Friday, 25 January 2019

A Discovering Diamonds review of Teaching Eliza by Riana Everly


"the author has fun shuffling some of the novel’s pairings in an entertaining manner" 

AMAZON UK

Fictional Drama / Humour / Regency
1800s
England


Subtitled Pride and Prejudice meets Pygmalion, the novel begins with Professor Darcy, an expert in linguistics and phonetics, bemoaning the fact that a man of substance such as himself must always be the target of fortune-hunters. His aunt, Lady Catherine de Burgh, is planning to announce his betrothal to her daughter, since he seems to have no intention of finding anyone for himself. Bingley suggests that if Darcy were to announce his own engagement, he would scotch that plan immediately.
The question is, where to find a lady who would suit his consequence enough for Society to be duped, and yet amenable enough to play the game, and withdraw at the end of it?
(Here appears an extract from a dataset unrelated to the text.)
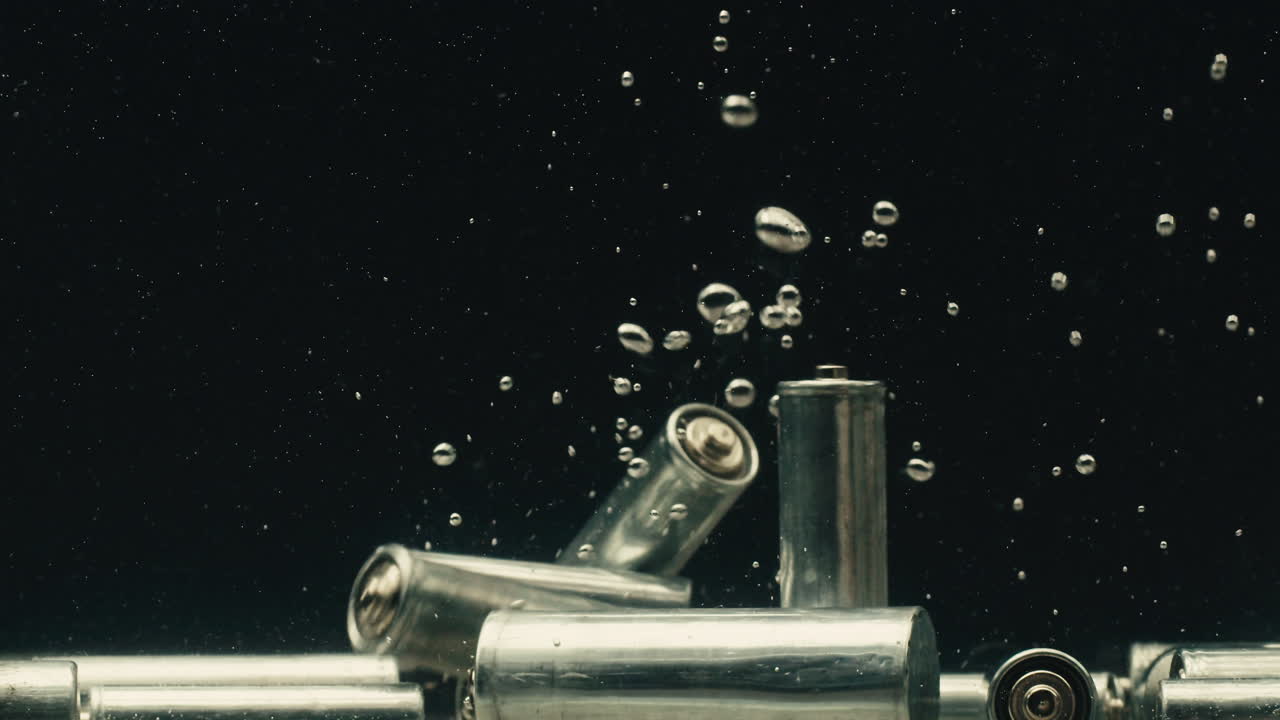 Silver batteries AA and AAA falling into water close-up. Double-A battery is a standard size single cell cylindrical dry battery. Batteries are common in portable electronic devices. Environmental impacts of lithium-ion batteries concept. An AA battery is composed of a single electrochemical cell th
Bingley suggests that his friend might find a suitable partner among his Jane’s pretty sisters; but Darcy snubs Lizzy at the ball at Netherfield because her accent and country manners are insupportable – something which clearly has not concerned Bingley when making his own choice of bride.
When Jane marries, Lizzy realises that life at Longbourn will be intolerable. She has been invited to London for the Season by her aunt Gardner’s sister, Lady Grant; but hearing Bingley’s sisters denounce her as a rustic, she realises that she cannot presume to the heights of fashionable London society as she is. She asks Darcy to teach her how to speak; and though at first reluctant, he agrees to do so on condition that she play the part of his affianced bride. A bargain is struck.
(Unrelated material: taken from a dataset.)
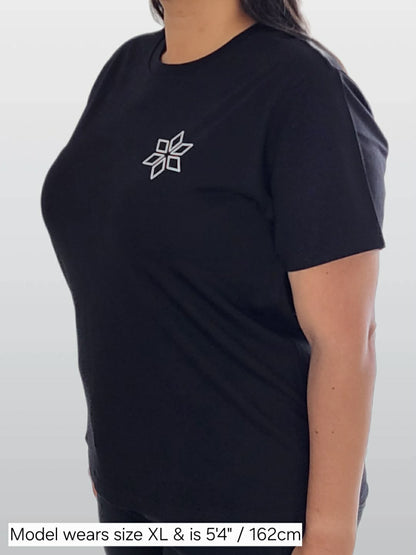 Woman wearing classic black t-shirt with star design NZ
Darcy is at first all Henry Higgins – rude, conceited and patronising, and unlikeable in a way that Austen’s Darcy is not. The author makes a nod to this, when Lizzy describes his ‘various moods as being almost those of separate men’. If the reader has never read Pygmalion, will they understand his behaviour? He is assisted by Colonel Fitzwilliam, in the role of Colonel Pickering, who unlike that gentleman has a romantic problem of his own to solve; and there is Freddy, another import from Pygmalion, as a suitor for Lizzy. The conflation of LIzzy Bennet, Regency gentleman’s daughter, and Eliza Doolittle, Victorian flower-girl, is, however, a little stretched. That which makes Eliza Doolittle so attractive is her fiery temper and her street-wise sense of self-preservation, and that which makes Lizzy so interesting is her certainty and her self-belief. All are missing here.

Lady Grant’s stated plan that Lizzy would be presented at Court in a spectacular London debut is nonsense, given her family’s status and lack of funds. Darcy says he will be able to pass her off as a duchess by the time he has finished her education, which is a claim from the play; here he’s speaking figuratively.

Until the story begins to broaden out from the professor-pupil relationship, it has all the flavour of Pygmalion, and Lizzy has none of the sparkle that the reader expects of her. After that the author has fun shuffling some of the novel’s pairings in an entertaining manner, and the plot picks up speed and interest. The Bennets take a much smaller role; Wickham is as dastardly as ever, though made stupid by a desire for revenge; Georgiana is suffering from depression after her mistreatment by him; and Caroline Bingley gives full rein to her dark side.

What starts out as an homage to both books turns into something of a romp of its own. The use of quotations from the original is like finding old friends in strange places, though the characters themselves are not as we know them. Shaw stated that Higgins should never be allowed to marry Eliza, whom he created to win a bet and in order to con Society, and there is something of that in Darcy here which the author must overcome. There is still pride and prejudice to be overturned, but whether they are less worthy or justified than in Austen’s version is a moot point, and perhaps unfamiliarity with the play may colour some readers’ judgement there.

There are some errors which stand out, one being a 'ring at the front door' (this is 1811) and 'discrete’ and ‘less discrete' where discreet should have been used. However, overall, a good read.